I think I am reading like a crazy person because I have always been able to lose myself in a book. Really learning about the characters and getting into the story so much that I am almost transported into their world. I guess it gives me a chance to be in another world since right now it is hard to be myself in my own story. The one where the parents hope and wish that their baby won't die but she dies anyway and all they are left with are pictures and heartbreak.

Some days it gets easier and I am able to go about things fairly normally. But sometimes I feel the physical symptoms of grief almost overwhelming me.

Tight throat, burning stomach, tightness in my chest. Tears welling up that I cannot stop.

I am sure that it will get better. It has to, right? Even though I know that Rachel is gone, sometimes my mind just can't wrap itself around this reality.

I have returned to work which is helping somewhat to distract me but even walking into the hospital the other day was a huge endeavor for me. The last time I was there, I was walking out of the hospital, with empty arms the morning Rachel had died.

Time is supposed to help to heal.

Until then, I can keep getting lost in my books.

Tuesday, April 3

Life keeps going

After losing Rachel, the world stopped for me. It seems strange that despite this, everything around me keeps going on as normal. Of course, I didn't expect otherwise but for me, everything takes an enormous amount of effort. Sometimes the cloud lifts for me and I can experience some moments that are not heavy with grief but it always lingers there in the background.

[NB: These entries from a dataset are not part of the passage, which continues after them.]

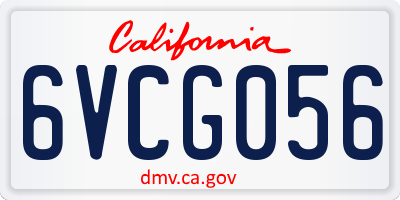 CA license plate 6VCG056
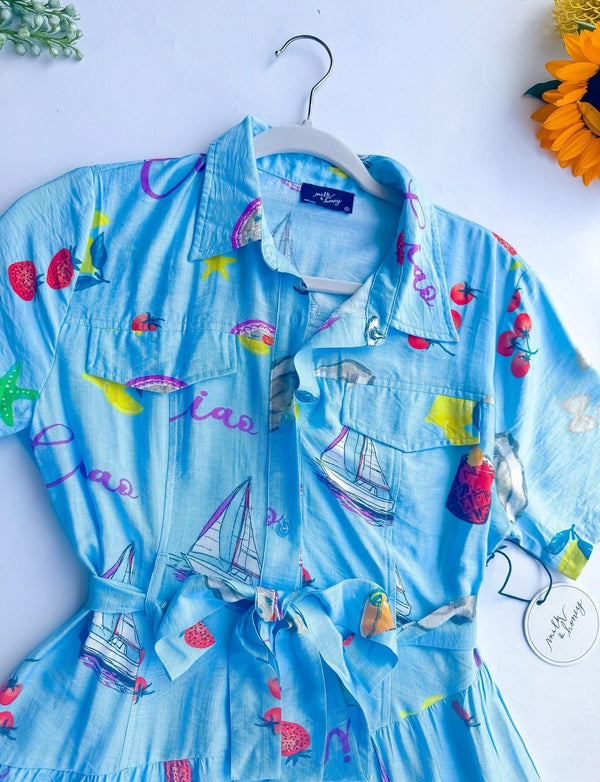 Blue Tropical Vacay Print Button Down Collar Short Sleeve Tier Midi Dress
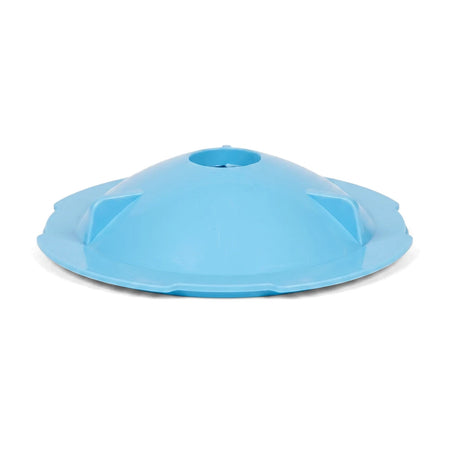 Blue plastic replacement weir vacuum lid, dome-shaped with a central opening, designed to fit Aqua pool systems.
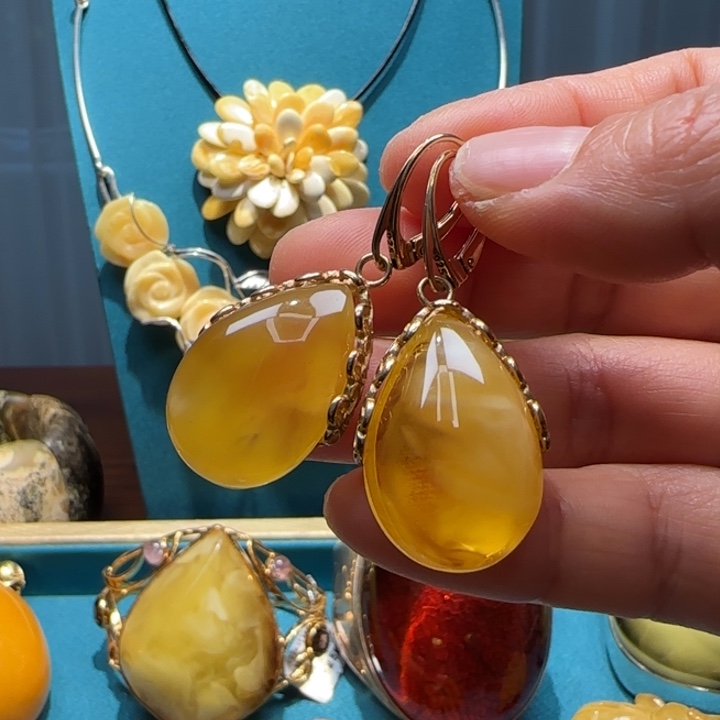 琥珀未镶嵌耳饰波兰设计款琥珀蜜蜡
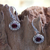 Garnet flower earrings, 'Soul of Jasmine' - Hand Made Floral Silver and Garnet Earrings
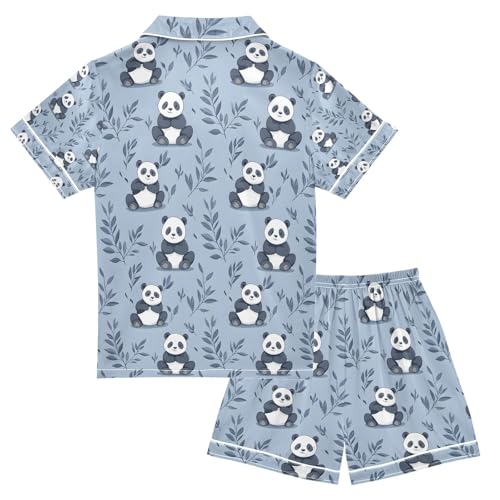 senya Blue Panda Leave A Satin Summer Pajama Sets Silk Short Sleeve Button Down Sleepwear2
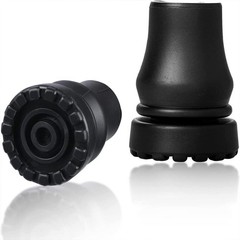 Rubber Cane Tips 3/4 Inch Heavy Duty Walking Cane Tips Black Sturdy Durable 2PCS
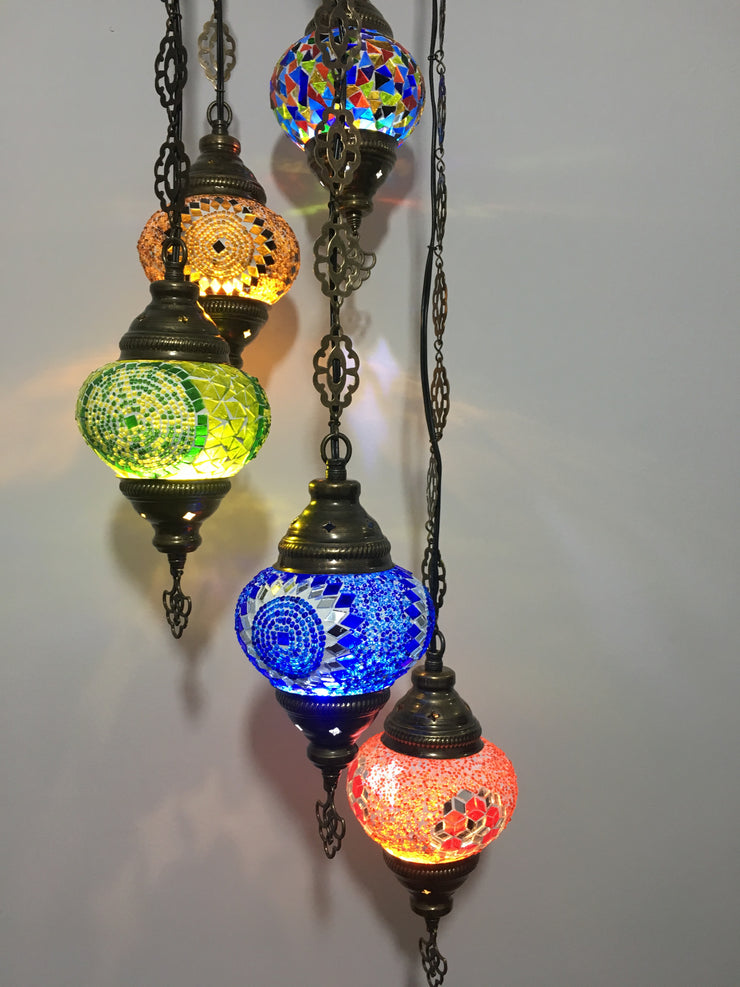 5 BALL TURKISH MOSAIC CHANDELIER MIX GLOBES - TurkishLights.NET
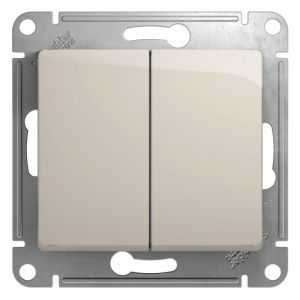 Переключатель проходной 2-кл. СП Glossa 10А IP20 (сх. 6) 10AX механизм молочн. SE GSL000965 454347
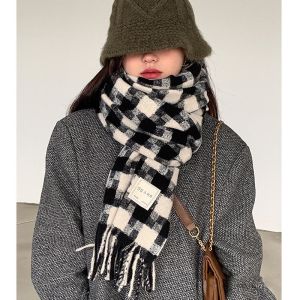 KHĂN CHOÀNG LEN NAM NỮ VINTAGE KHĂN LEN QUÀNG CỔ NAM NỮ KHĂN KẺ CARO HÀN QUỐC CAMCAMVINTAGE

I was washing dishes this morning (I have not started work yet) and thought that perhaps I will go back next week since I am finally starting to feel restless. I finally feel like I want to be doing something. Most days, I am happy to get the boys to school and read for a little bit. Not having the motivation to do anything is a foreign concept for someone like me who always has a project or something going on. Today, I decided I would finally start working on the picture frame collage of Rachel that I have been meaning to do.

As I started sorting the pictures, I thought, "Wow, I miss her but I can actually look at the pictures without crying."

This lasted for maybe 5 minutes and then I started crying. Remembering the moments that we had with her. Wishing that I had taken this picture or that picture. Feeling the familiar ache in my empty arms that long to hold her. Looking at how beautiful and tiny she was.

She would have been 6 weeks old tomorrow. It feels like I lost her yesterday.

Sometimes I wonder how long will I feel this way? Will I always crumble into tears when I look at pictures of her? I am hopeful that I am making some steps forward in healing but it is difficult to put all my faith in God when all I want to do is shout at him for not doing anything to save my precious girl. As I have searched the internet for groups dealing with infant loss, I have found that there are so many parents that have had to go through this, whether it is a miscarriage, stillborn, or a loss like we had. I wonder why so many have to go through such a terrible thing? Having a child die is something I wish that no parent would have to go though. We expect to some day bury our grandparents and even our parents but not our children. Some people have told me, "You have your boys to think of!" Its true, we have 3 wonderful boys and I thank God every day for them but they will never ease the pain of losing Rachel.

The one thing I keep going back to - the one thing I know for sure in my heart is that I do not regret any decision we made about continuing the pregnancy. We knew that we might not have her for very long, but we were able to love her fully for the time that she was here in this world. Loving her means that she took a piece of me with her when she died.

Sweet baby Rachel, I will miss you for the rest of my life until I see you again in heaven. Mommy loves you.